While the X-ray was taken the dentist and the nurses stepped back, as one, reflexively turning away and crossing their arms over their chests. Their soft-shod feet were noiseless as they withdrew in this synchronised gesture of self-protection: in their white overalls they stood like acolytes at the ceremony of blood. The dentist, a tall and broad-shouldered Greek, wore beneath his overall a richly patterned floor-length robe. The wan nurses were silent as they moved dimly among the white and chrome cabinets at the back of the room, forever recessed, like figures in the background of a painting. Was the pain more or less constant, he asked, or were there still phases of normality in which one could do and think of other things? Had we reached the point of crisis where our only experience was the experience of suffering, where our only need, our only desire was the desire to end it? It is terrible to desire the end of something, the absence of something: desire should belong to life, to presence and not absence. One should be careful not to live in this inverted state too long; nor, he said, should one pull out a tooth unless it is absolutely necessary. Had we, then, reached the moment at which extraction had become impossible to defer any longer?
It could be said, yes, that the pain no longer had any intermissions. It used to be possible to escape from it at night, in sleep, but lately it had found out that hiding place too and had broken it down, like an invader breaking down the door of an ill-defended fortress. The ease with which the door came down was a crisis in itself: how fragile, how insubstantial normality was proved to be once pain came to disturb it! Pain is strong and huge and relentless, and ‘normality’ — that was the word he used, wasn’t it? — normality is the fine balance life achieves in the absence of disruption, is the blank register of events and their aftermath, slowly re-stitching and repairing itself, as the surface of a pool gradually becalms itself after a pebble has been thrown in. Normality is capable of resisting nothing and can outlive almost anything. Pain, on the other hand, can destroy whatever it has a mind to. Pain is the bomb that falls, and normality the grass that grows, at length, over the crater. To resist pain one must be as strong as pain, must make of oneself a kind of human bomb-shelter.
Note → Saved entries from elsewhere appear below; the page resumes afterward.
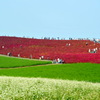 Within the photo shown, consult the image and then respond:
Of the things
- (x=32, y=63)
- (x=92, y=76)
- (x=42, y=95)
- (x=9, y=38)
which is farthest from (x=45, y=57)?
(x=42, y=95)

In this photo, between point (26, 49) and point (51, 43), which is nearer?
point (26, 49)

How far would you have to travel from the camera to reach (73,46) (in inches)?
2675

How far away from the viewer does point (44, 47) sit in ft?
221

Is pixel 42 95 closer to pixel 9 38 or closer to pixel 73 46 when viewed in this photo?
pixel 73 46

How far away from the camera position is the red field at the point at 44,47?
195 feet

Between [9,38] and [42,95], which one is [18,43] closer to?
[9,38]

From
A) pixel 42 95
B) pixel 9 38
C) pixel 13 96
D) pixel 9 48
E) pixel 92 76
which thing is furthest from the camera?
pixel 9 38

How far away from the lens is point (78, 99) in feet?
44.1

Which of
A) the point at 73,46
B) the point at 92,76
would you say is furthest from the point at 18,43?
the point at 92,76

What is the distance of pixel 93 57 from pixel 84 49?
1440cm

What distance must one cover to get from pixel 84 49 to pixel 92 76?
3380 centimetres

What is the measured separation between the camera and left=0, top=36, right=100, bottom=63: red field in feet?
195

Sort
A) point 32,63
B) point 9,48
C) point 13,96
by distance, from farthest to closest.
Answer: point 9,48, point 32,63, point 13,96

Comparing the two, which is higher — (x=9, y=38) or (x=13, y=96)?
(x=9, y=38) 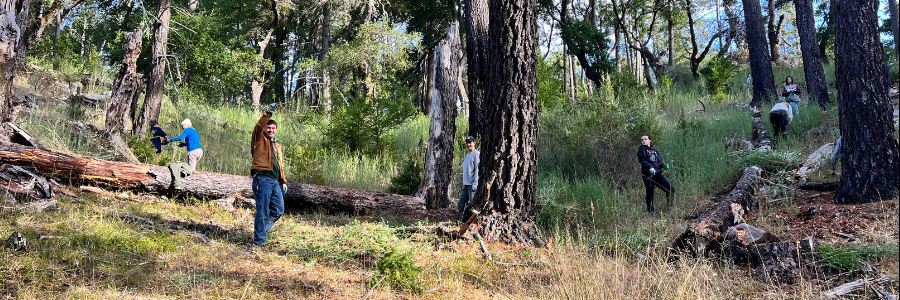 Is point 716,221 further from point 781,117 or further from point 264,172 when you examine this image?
point 781,117

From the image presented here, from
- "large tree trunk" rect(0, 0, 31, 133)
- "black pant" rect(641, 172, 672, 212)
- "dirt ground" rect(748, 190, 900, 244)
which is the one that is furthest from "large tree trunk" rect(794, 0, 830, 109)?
"large tree trunk" rect(0, 0, 31, 133)

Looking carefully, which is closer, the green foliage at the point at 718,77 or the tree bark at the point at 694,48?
the green foliage at the point at 718,77

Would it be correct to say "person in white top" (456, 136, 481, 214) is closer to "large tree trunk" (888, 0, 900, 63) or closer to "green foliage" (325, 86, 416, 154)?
"green foliage" (325, 86, 416, 154)

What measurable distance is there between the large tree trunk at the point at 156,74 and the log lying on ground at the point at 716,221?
11.9 meters

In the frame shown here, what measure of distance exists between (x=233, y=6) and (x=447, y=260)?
77.4 ft

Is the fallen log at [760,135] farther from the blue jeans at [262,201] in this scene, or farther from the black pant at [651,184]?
the blue jeans at [262,201]

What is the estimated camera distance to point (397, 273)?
537cm

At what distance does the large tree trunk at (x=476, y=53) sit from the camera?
11891mm

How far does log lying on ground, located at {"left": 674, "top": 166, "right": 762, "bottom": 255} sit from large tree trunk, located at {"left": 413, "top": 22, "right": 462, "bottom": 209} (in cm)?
448

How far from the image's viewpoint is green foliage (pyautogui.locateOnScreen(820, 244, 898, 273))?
5523 mm

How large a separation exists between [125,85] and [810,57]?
1945cm

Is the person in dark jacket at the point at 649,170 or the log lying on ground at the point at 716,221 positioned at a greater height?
the person in dark jacket at the point at 649,170

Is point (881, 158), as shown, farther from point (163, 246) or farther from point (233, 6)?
point (233, 6)

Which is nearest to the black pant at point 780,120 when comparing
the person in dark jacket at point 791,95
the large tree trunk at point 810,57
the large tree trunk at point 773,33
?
the person in dark jacket at point 791,95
The extraction will leave a sizable declivity — a crater of sorts — behind it. It is a molar, centrally placed on the lower right jaw: a large tooth of great practical and personal significance whose disappearance nonetheless will be surprisingly unnoticeable from outside. It will not, of course, grow back. The intimate world of the mouth will suffer irreversible loss. In time, if sufficient resources and effort of will can be found, a simulacrum may be fitted; until then, the other teeth will have to do the work of compensating for the absence. Different modes of eating and chewing might evolve to remove strain from the area; curiously enough, the mirroring molar on the left-hand side is also missing. This is not, then, the first such experience of loss. A major tooth has already decayed and been extracted from this mouth, a history which obviously makes things harder. The current extraction is a darker business because of it. And the question of blame, always so delicate where it is in the nature of things to break down, is altered by this new piece of evidence. It’s beginning to look like carelessness, to paraphrase Oscar Wilde. For a tooth, properly looked after, ought to be able to last a lifetime.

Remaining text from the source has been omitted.